There are 2 camping options there; The Alabama hills recreation area and Tuttle creek campground. Both are owned by the bureau of land management (BLM) in which you can camp up to 14 consecutive days for free to upwards of 5$ a night. Rates go up a bit at tuttle creek during high season April-September.
We decided to stay at the Tuttle creek campground as it seemed less busy than the Alabama hills recreation land. Also for that 5$ a night you got pit toilets, garbage cans, fire ring and a picnic table. The other location is authentic bare bones boondocking. Both are wonderful options.
Since it was off season, February- the water and sewage dump station were not available. We packed in all we needed; water, food and propane to have a comfortable stay.
We posted up in site #26 towards the back of the campground. It had absolutely gorgeous, unobstructed views of the eastern side of the Sierra Nevada mountain range. The grounds were maybe 10% full of campers, it felt like we had the whole place to ourselves.
The first couple nights the weather behaved. It would be in the high 50’s-low 60’s during the day. The evenings were another story; 27-38*. We traveled in a camper van with heat, which made those evening temps more manageable. But nonetheless, it got cold!
This is a interesting landscape! It is a valley that sits right between the Sierra Nevada mountains and Death Valley national park. The location is the dry side of the Sierra mountain range. Very low humidity, and dry sweeping winds that chap your face and lips raw in a matter of days.
We were able to work from our campsite. The Verizon signal was decent and the wifi was very good. On our days off we played at the Alabama Hills recreation area and did some lovely hikes with our dog Gypsy. The day we hiked, was probably the nicest day we were there, almost warm! We hiked the trail to the famous arch that framed Mount Whitney. There are tons of little arches forming too. It’s fun to scope out the landscape and see if you can spot any arches in the rocks; large and small.
The last 2 nights of our stay, a bitter cold, unforgiving windstorm rolled in. It shook our van all night, and on the second night it froze our propane lines. We all dog piled up with wool blankets to stay warm. We ran out of heat, and our van got down to 48* at night. In the morning we had to cook breakfast outside in the 30* temps.

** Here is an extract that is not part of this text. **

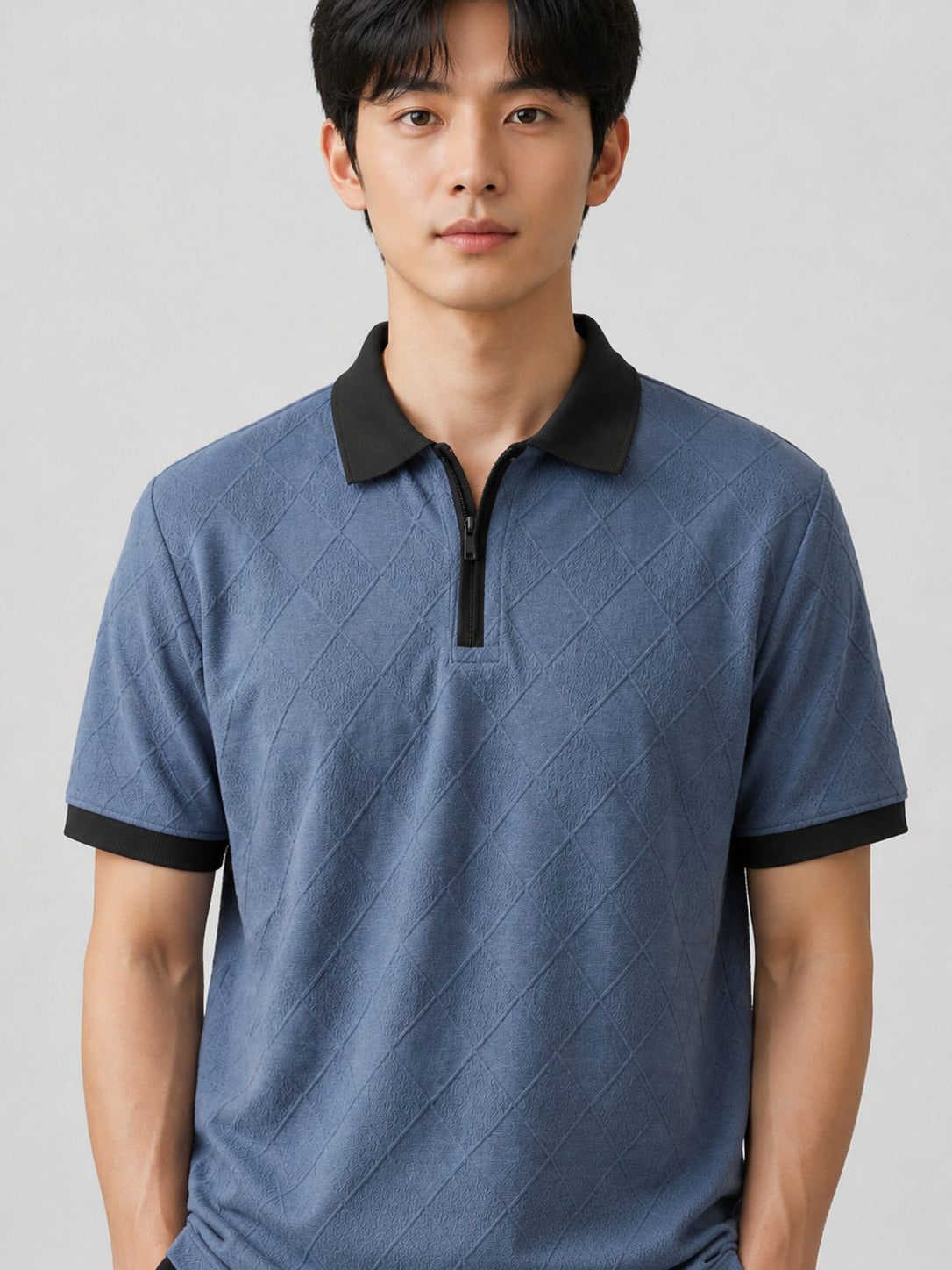 Polo Pack of 2 - (Zip-Rib-Grey & Zip-Dimd_BlueBlack)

The fun part of the windstorm was that we watched the 80’s classic “Tremors” while the wind howled and shook our van. Tremors was filmed right at the place we camped and explored in the Alabama hills area.
By Friday morning we were ice cold and sleep deprived. We had a wonderful stay, however it was time to head further south to warmer temperatures.
On our way out of Lone Pine we stopped to get some comfort food at the Alabama Hills bakery and cafe. The cafe got great reviews and didn’t disappoint! Decided to splurge a bit, ordered the breakfast burrito and the peach-berry coffee cake. It was a great way to end a wonderful adventure through the rugged, eastern tip of the infamous Sierra Nevada mountain range.
No wonder so many old west flicks were filmed here. By the end I felt like a real modern day cowgirl exploring the final frontiers of the west.